- WHAT YOU ARE ASKED TO DO: The copy must match the data below line for line and contain no images.

- INFORMATION SHOWN:
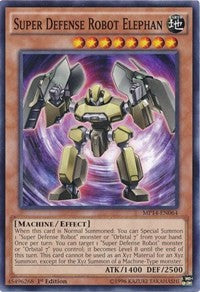 Super Defense Robot Elephan [MP14-EN064] Common | Exor Games New Glasgow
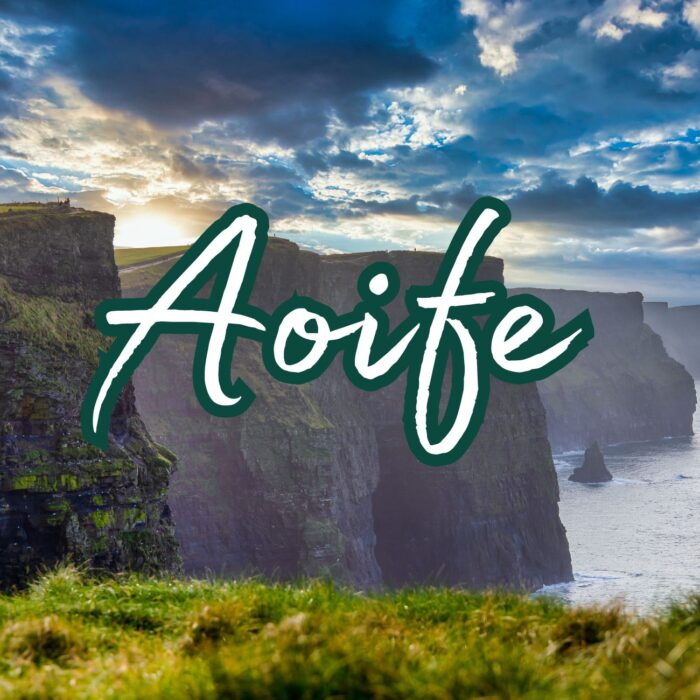 The first name Aoife
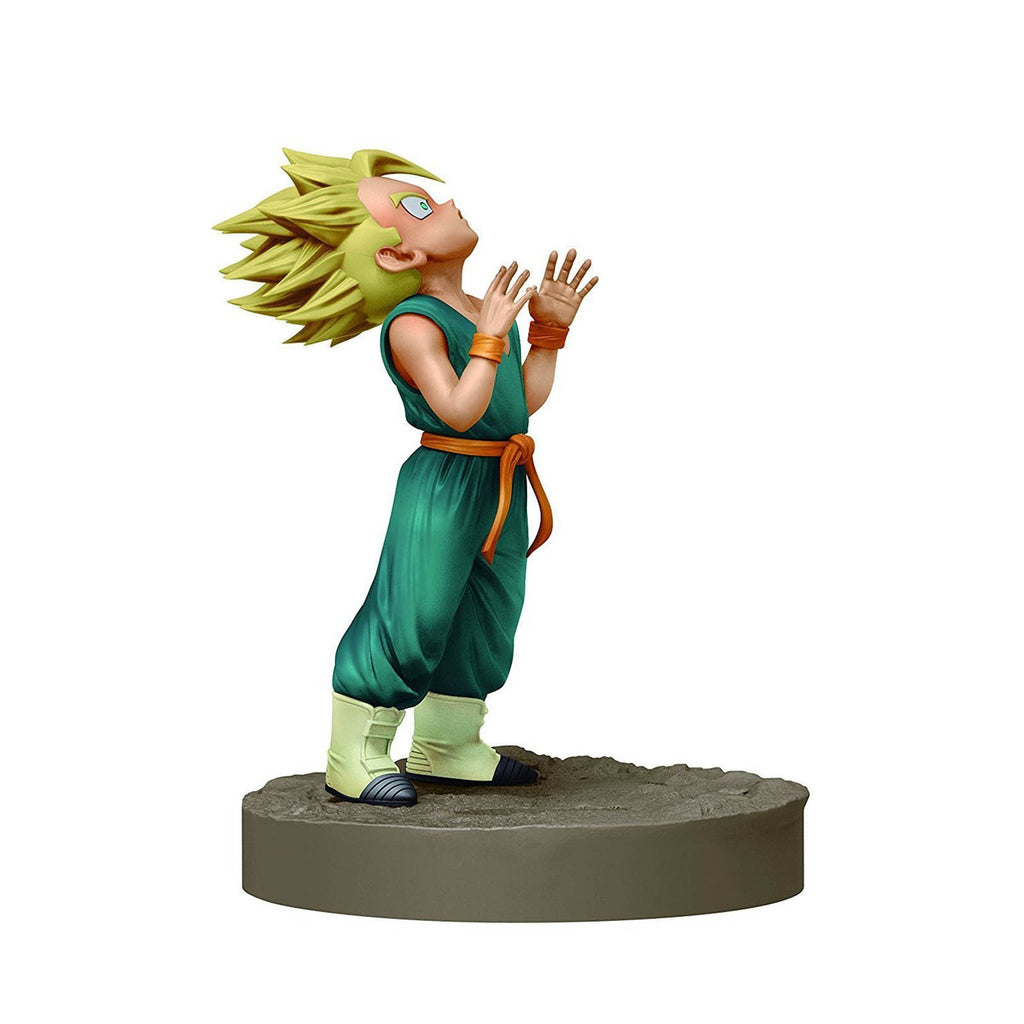 Banpresto Dragon Ball Z Dramatic Showcase 4th Volume 2 SS Trunks Figure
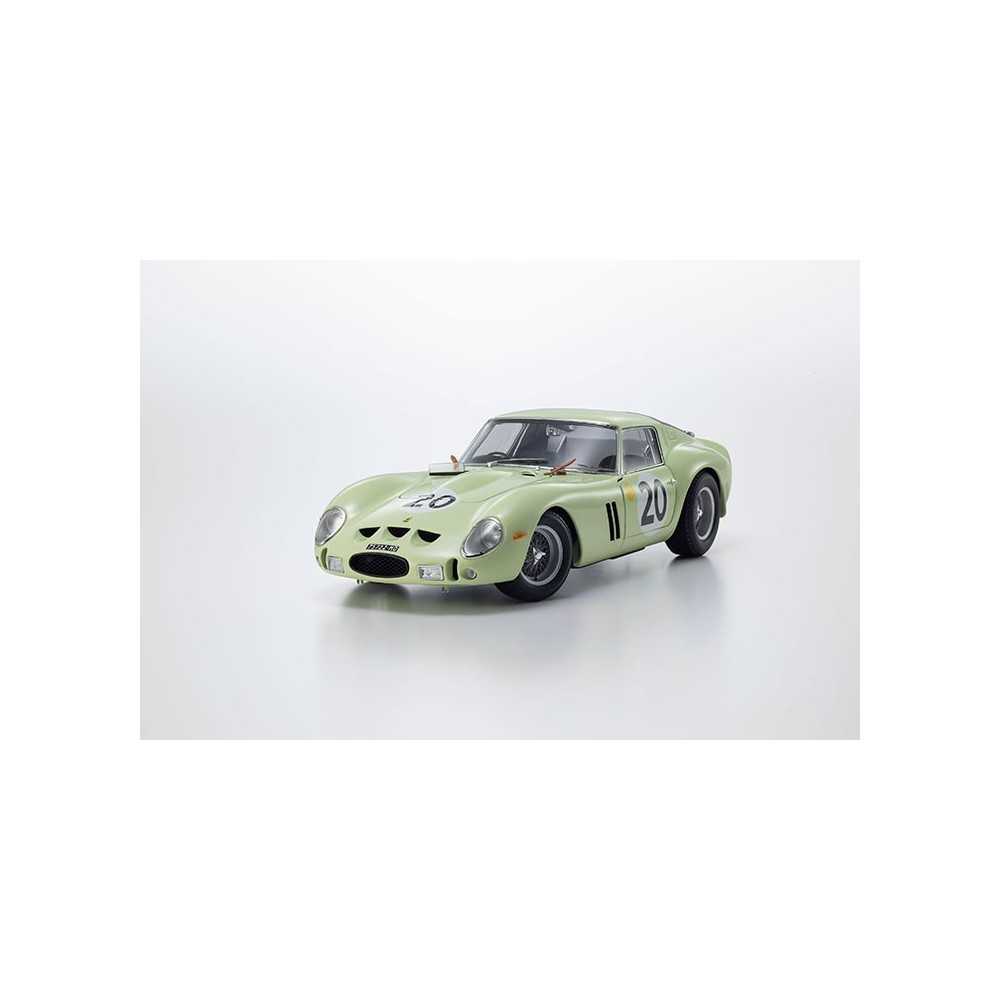 KYOSHO DIE CAST KYOSHO 1:18 ferrari 250 gto le mans 24h dnf 1962 nr.20 KS08438E KYOSHO DIE CAST KYOSHO 1:18 ferrari 250 gto le mans 24h dnf 1962 nr.20 KS08438E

- WORKED SOLUTION:
 Super Defense Robot Elephan [MP14-EN064] Common | Exor Games New Glasgow
 The first name Aoife
 Banpresto Dragon Ball Z Dramatic Showcase 4th Volume 2 SS Trunks Figure
 KYOSHO DIE CAST KYOSHO 1:18 ferrari 250 gto le mans 24h dnf 1962 nr.20 KS08438E KYOSHO DIE CAST KYOSHO 1:18 ferrari 250 gto le mans 24h dnf 1962 nr.20 KS08438E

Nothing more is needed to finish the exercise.